Der Synagogenanschlag und die »gamification« rechtsextremen Terrors

Die Egoshooter

Der Attentäter von Halle inszenierte seine Tat im Stil eines Egoshooters. Die Computerspielästhetik soll Tätern, aber auch Nachahmern, die Ausübung extremer Gewalt erleichtern.

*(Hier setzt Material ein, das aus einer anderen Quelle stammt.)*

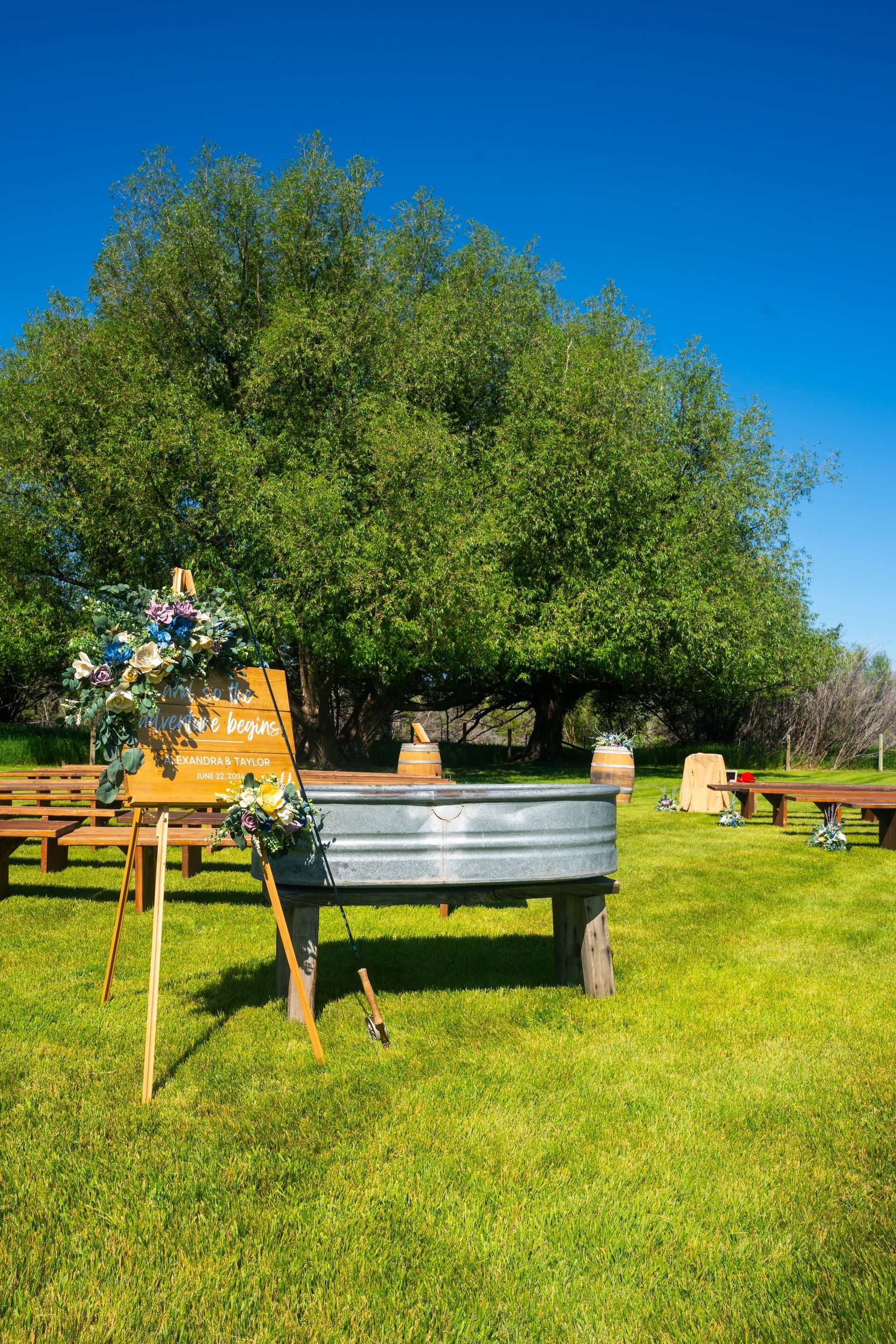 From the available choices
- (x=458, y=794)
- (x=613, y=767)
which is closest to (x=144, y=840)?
(x=458, y=794)

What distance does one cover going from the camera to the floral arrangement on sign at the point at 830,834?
10336mm

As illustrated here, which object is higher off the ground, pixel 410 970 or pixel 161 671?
pixel 161 671

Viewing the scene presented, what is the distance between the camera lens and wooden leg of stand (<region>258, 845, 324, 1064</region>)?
12.7 feet

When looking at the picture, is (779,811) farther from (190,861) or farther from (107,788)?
(107,788)

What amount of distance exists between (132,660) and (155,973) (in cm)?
125

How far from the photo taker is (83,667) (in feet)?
12.7

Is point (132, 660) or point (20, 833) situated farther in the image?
point (20, 833)

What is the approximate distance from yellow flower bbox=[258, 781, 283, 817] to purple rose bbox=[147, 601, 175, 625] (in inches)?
31.2

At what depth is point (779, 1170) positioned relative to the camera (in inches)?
120

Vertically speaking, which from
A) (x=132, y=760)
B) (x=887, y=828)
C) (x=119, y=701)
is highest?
(x=119, y=701)

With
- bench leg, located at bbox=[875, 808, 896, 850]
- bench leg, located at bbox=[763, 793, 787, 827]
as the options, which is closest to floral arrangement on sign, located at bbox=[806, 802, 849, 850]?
bench leg, located at bbox=[875, 808, 896, 850]

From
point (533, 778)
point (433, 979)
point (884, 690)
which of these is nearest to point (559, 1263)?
point (433, 979)

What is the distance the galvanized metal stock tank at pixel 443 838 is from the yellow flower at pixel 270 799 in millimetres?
265

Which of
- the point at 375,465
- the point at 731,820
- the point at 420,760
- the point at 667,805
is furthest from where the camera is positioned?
the point at 375,465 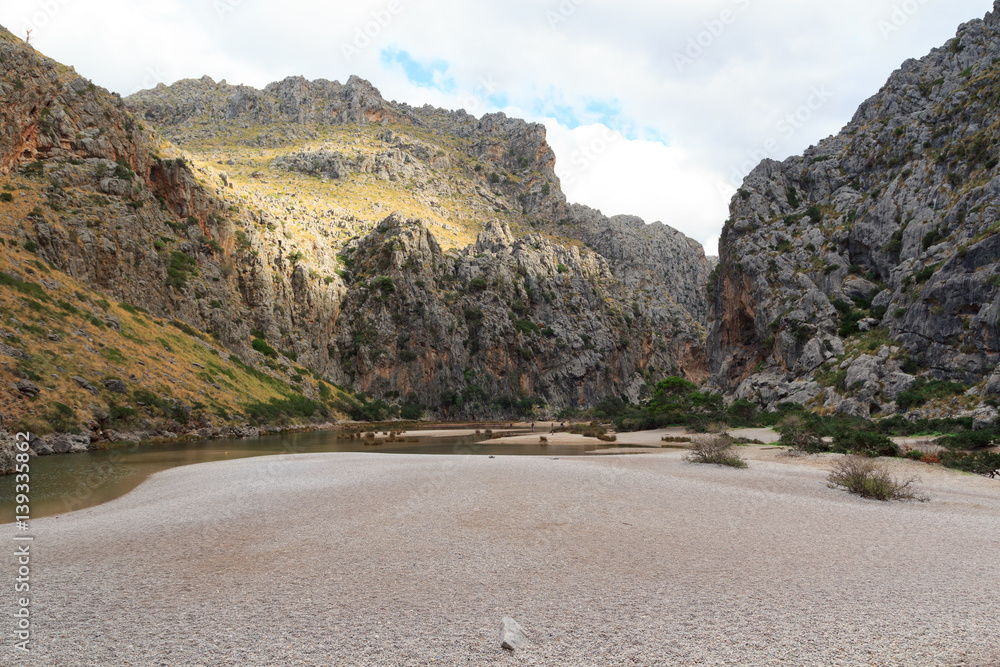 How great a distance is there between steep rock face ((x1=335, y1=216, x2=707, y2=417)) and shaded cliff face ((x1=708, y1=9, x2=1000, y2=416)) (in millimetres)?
46272

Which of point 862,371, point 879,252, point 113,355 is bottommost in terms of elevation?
point 862,371

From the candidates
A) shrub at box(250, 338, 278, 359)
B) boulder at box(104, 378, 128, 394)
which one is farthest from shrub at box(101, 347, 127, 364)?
shrub at box(250, 338, 278, 359)

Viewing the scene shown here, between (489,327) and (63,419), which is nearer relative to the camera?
(63,419)

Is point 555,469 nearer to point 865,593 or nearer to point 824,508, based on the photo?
point 824,508

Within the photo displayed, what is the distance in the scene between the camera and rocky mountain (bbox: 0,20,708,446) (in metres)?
38.5

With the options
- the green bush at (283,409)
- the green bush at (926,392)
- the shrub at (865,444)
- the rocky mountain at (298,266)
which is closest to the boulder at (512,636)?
the shrub at (865,444)

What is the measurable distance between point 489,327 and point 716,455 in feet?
282

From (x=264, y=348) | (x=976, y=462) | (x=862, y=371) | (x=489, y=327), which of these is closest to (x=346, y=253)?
(x=489, y=327)

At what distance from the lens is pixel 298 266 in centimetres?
8094

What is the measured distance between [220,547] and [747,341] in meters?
70.6

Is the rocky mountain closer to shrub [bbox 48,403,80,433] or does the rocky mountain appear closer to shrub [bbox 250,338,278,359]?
shrub [bbox 48,403,80,433]

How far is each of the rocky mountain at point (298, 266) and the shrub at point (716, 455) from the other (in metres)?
33.0

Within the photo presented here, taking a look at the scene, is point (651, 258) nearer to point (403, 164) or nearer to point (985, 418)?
point (403, 164)

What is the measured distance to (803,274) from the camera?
54.8 meters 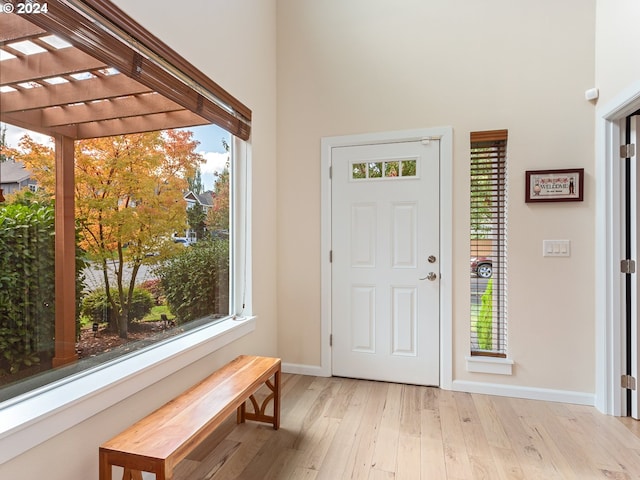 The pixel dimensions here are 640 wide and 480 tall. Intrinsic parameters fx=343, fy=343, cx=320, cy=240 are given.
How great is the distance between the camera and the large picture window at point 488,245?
9.24 feet

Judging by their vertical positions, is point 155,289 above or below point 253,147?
below

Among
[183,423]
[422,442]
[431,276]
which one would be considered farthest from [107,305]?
[431,276]

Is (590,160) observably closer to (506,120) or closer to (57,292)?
(506,120)

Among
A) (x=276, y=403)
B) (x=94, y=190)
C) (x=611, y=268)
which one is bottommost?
(x=276, y=403)

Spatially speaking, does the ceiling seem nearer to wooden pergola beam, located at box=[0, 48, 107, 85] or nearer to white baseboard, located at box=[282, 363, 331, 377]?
wooden pergola beam, located at box=[0, 48, 107, 85]

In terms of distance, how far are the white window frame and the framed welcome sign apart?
222 centimetres

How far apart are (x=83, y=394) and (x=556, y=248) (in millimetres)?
3084

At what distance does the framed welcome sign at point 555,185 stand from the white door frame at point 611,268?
14 centimetres

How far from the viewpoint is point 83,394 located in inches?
52.9

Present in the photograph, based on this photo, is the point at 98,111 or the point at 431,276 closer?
the point at 98,111

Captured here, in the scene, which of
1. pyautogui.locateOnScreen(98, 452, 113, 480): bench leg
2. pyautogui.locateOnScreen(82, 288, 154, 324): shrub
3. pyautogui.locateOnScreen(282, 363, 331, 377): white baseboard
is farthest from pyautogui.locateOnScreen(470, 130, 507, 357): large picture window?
pyautogui.locateOnScreen(98, 452, 113, 480): bench leg

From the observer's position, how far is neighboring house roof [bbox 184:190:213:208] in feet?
7.14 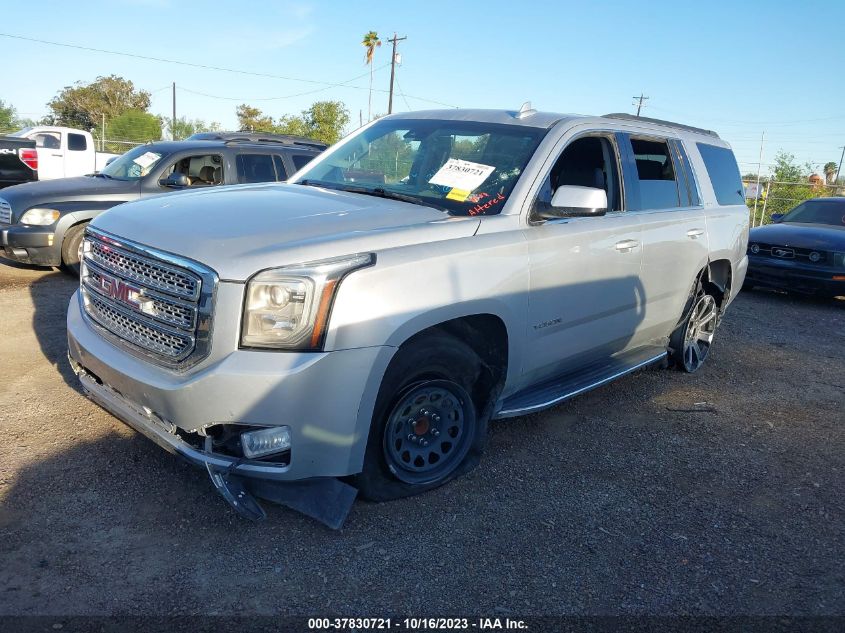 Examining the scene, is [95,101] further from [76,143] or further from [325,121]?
[76,143]

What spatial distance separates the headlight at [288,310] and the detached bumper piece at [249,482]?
1.75ft

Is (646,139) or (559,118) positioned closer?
(559,118)

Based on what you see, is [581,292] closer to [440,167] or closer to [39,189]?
[440,167]

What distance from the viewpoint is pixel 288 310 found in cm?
287

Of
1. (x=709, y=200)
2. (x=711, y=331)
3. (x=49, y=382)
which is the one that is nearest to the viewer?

Gamification soll motivieren. Der Begriff beschreibt, dass Menschen mit Techniken, die man sonst aus Videospielen kennt, angespornt werden, sonst eher lästige Tätigkeiten auszuführen, sei es beim Lernen, beim Arbeiten oder in der Freizeit. Zahlreiche Apps folgen diesem Prinzip, zum Beispiel die Sport-App Fitbit, die ihre Nutzer und Nutzerinnen mit Abzeichen belohnt, wenn diese eine gewisse Strecke ge­laufen sind. Bei der App Habitica erhält man für das Erledigen von Aufgaben wie Frühjahrsputz oder Steuererklärung Erfahrungspunkte, die dann in einen schicken Pixel-Umhang für den eigenen Avatar eingetauscht werden können. Unliebsame Aufgaben werden als Spiel aufbereitet, damit sie leichter von der Hand gehen. Fitbit ist inzwischen ein milliardenschweres Unternehmen, auch im Bildungsbereich wird gamification propagiert, um Schüler zu motivieren.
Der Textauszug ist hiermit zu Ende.